1. Une politique articulée autour des symboles de la mémoire nationale

En matière mémorielle, les missions de la DMPA sont variées : organisation des cérémonies inscrites au calendrier commémoratif national, valorisation et entretien des lieux de mémoire et des sépultures de guerre avec l'Onac, soutien à des projets pédagogiques, à la production de films et à l'édition d'ouvrages portant sur les conflits contemporains, le patrimoine de la défense et la recherche historique.

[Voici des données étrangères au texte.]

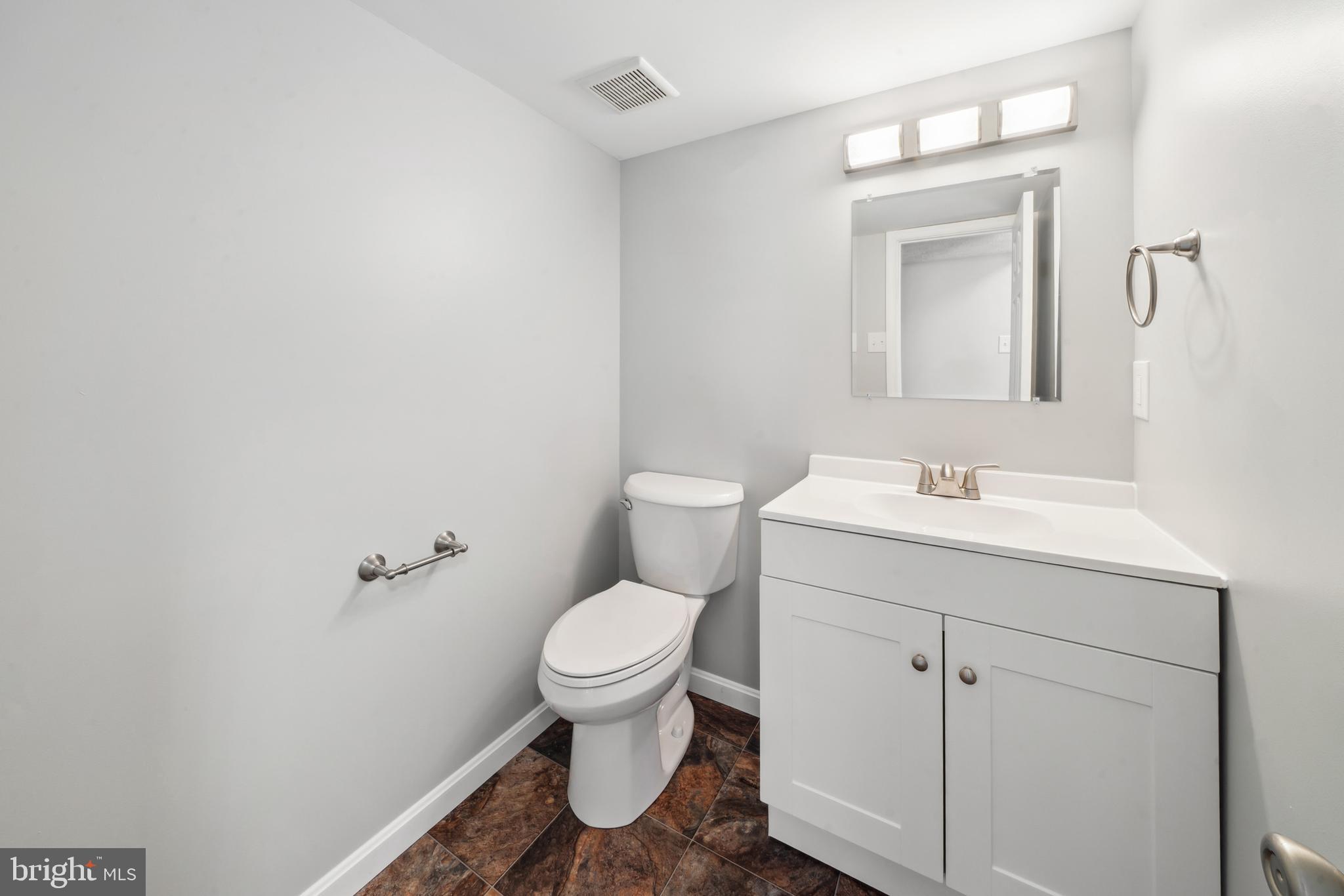 1335 Orchard Way Frederick, MD 21703 - Photo 33 of 42 a bathroom with a sink toilet and vanity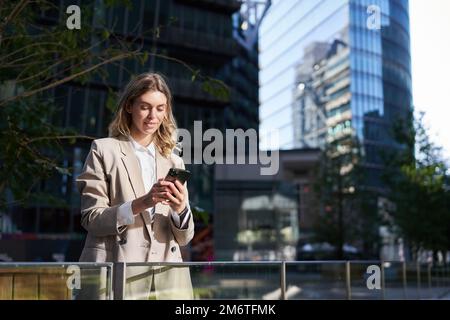 Junge Geschäftsfrau, die draußen auf der Straße steht. Büroangestellte, die ein Mobiltelefon verwenden und auf das Smartphone schauen Stockfoto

Le calendrier commémoratif national , dont les dates sont fixées par des textes législatifs ou réglementaires, a connu ces deux dernières années plusieurs ajouts qui sont issus d'initiatives parlementaires. Le premier, par la loi du 6 décembre 2012 2 ( * ) , a fait du 19 mars la journée nationale du souvenir et de recueillement à la mémoire des victimes civiles et militaires de la guerre d'Algérie et des combats en Tunisie et au Maroc . Cette date a été commémorée pour la première fois en 2013. Le second, sur la base d'une proposition de loi de notre collègue Jean-Jacques Mirassou, fait suite à la reconnaissance du 27 mai comme journée nationale de la Résistance 3 ( * ) . La loi ayant été promulguée en juillet 2013, cette journée sera intégrée au calendrier à compter de 2014.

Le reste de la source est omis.